## Task objective:
The reply is a verbatim copy of the listing below with its images dropped.

## Given information:
%%

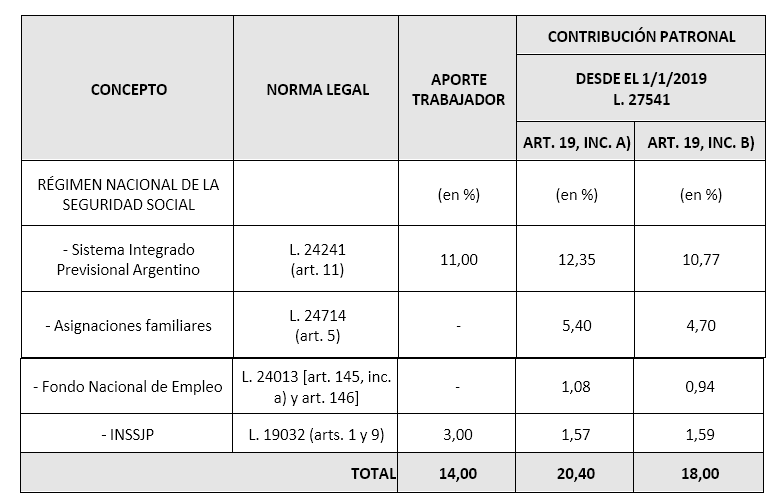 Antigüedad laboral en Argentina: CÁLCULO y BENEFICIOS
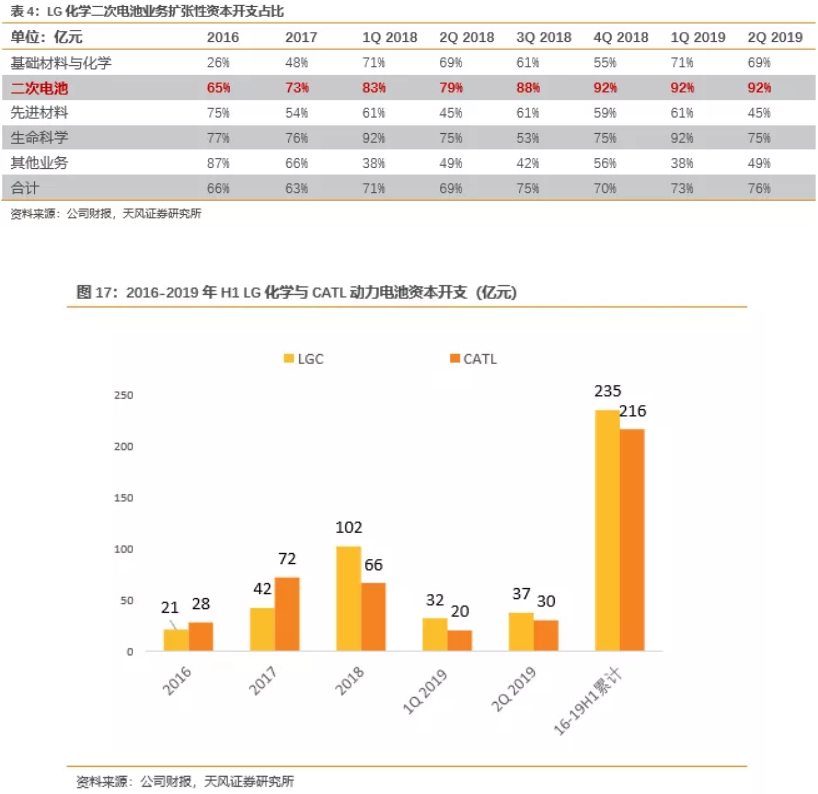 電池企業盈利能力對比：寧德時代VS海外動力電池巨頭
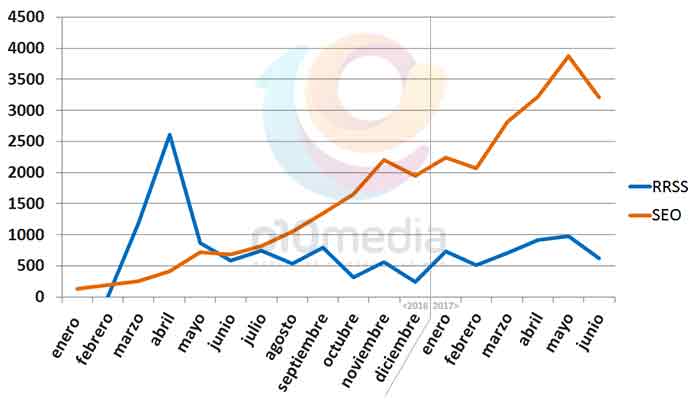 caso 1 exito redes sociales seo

%%

## Task answer:
 Antigüedad laboral en Argentina: CÁLCULO y BENEFICIOS
 電池企業盈利能力對比：寧德時代VS海外動力電池巨頭
 caso 1 exito redes sociales seo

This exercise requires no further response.